*Problem to solve:* In the listing that follows, print every line exactly and leave the images out.

*Raw data:*
========
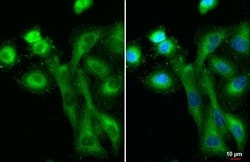 Invitrogen IFIT3 Recombinant Rabbit Monoclonal Antibody (HL246) 100 &mu;L;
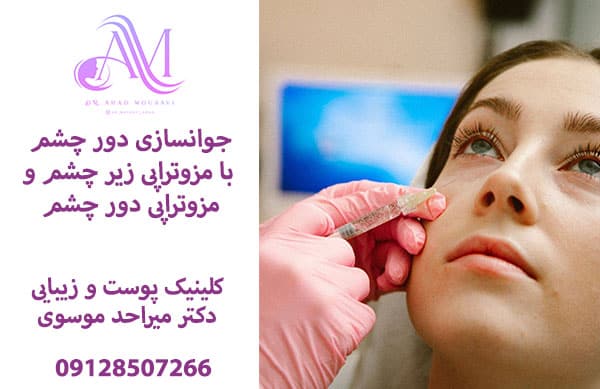 مزوتراپی ریز چشم برای رفع چروک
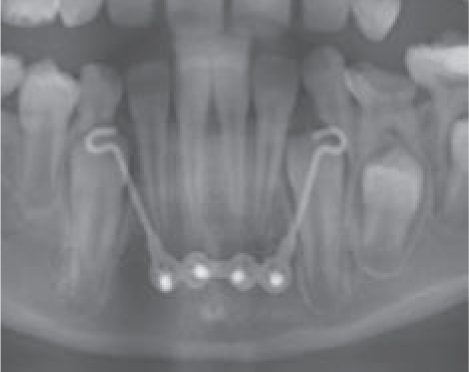 MENTOPLATE System 3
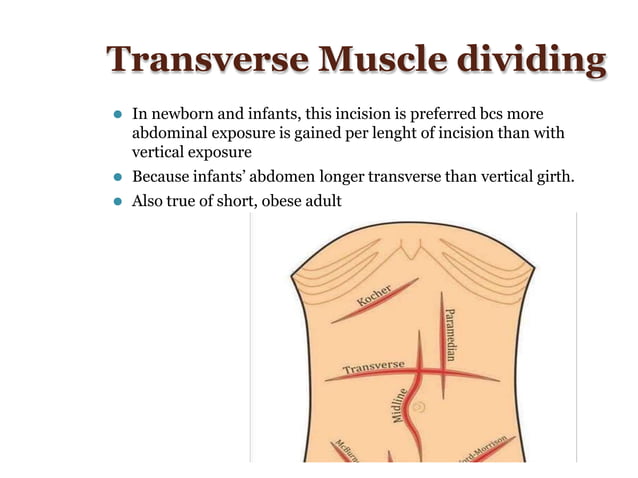 Incision.pptx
========
*Problem solution:*
 Invitrogen IFIT3 Recombinant Rabbit Monoclonal Antibody (HL246) 100 &mu;L;
 مزوتراپی ریز چشم برای رفع چروک
 MENTOPLATE System 3
 Incision.pptx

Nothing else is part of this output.